It was the most girlish scream that this (fairly) deep-voiced man could make. It was my first physical therapy appointment, and, after some rudimentary measurements of my feet in comparison to each other, I began to do some basic stretches.
The stretches consisted of "alphabets"--moving the foot in circles that supposedly mimic the letters of the alphabet--and a 12 to 6 movement. The physical therapist then used an elastic band against which I was to push and then to "pull."
Finally, she had me stand with my left slightly in back of my right, and without the warning I expected, told me, "We're going to take a step."
"I don't think I can do it." (I knew I couldn't do it.)
"Yes, you can. The tendon has been repaired, it's regrown, it's ready."
With her flanking my left shoulder, I shuffled forward slowly with my left, then got ready to take the step with the right that would force me to plant on my left.

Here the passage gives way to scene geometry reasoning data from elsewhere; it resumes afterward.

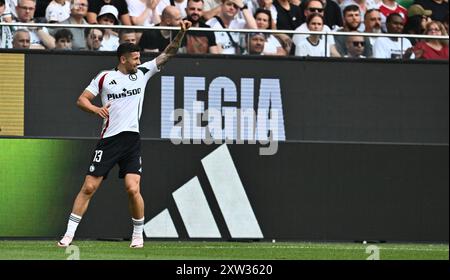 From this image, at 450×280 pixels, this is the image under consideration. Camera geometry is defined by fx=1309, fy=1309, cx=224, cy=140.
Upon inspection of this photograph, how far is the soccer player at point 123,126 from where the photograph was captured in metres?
15.0

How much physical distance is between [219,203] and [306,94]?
6.39ft

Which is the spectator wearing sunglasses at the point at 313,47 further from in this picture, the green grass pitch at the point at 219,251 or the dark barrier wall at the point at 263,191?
the green grass pitch at the point at 219,251

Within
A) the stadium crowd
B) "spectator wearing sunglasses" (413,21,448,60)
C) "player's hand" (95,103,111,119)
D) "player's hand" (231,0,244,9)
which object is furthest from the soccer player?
"spectator wearing sunglasses" (413,21,448,60)

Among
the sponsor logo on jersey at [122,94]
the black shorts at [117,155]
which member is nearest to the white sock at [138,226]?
the black shorts at [117,155]

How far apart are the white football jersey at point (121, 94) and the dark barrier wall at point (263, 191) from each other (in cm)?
235

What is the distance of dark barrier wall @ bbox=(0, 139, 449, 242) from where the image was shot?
17.5 m

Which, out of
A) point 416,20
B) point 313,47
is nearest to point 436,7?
point 416,20

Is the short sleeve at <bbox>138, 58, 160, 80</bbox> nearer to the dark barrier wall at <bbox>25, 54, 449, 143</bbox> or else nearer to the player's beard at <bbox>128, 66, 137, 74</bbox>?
the player's beard at <bbox>128, 66, 137, 74</bbox>

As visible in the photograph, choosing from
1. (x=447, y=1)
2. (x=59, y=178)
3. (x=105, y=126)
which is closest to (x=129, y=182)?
(x=105, y=126)

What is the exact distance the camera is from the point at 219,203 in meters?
17.9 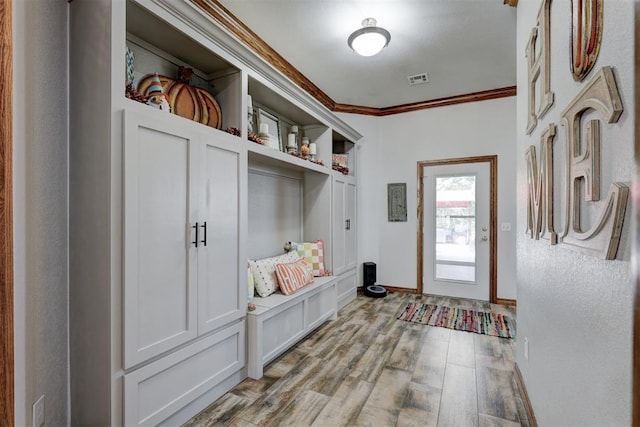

Then I got ready to take the step with the right that would force me to plant on my left.
Then I got ready...
I literally shook as I tried to reconcile the rupturing of this incredibly important tendon, its betrayal to my body, with the task she was asking/telling me to do.
After about minute of putting barely-detectable pressure on the left foot, I scraped forward, letting out a high-pitched, girlie noise as I felt that my left couldn't support me. I lunged forward, grabbing awkwardly onto a cabinet and leaning against her shoulder.
Thankfully, every step won't be this hard.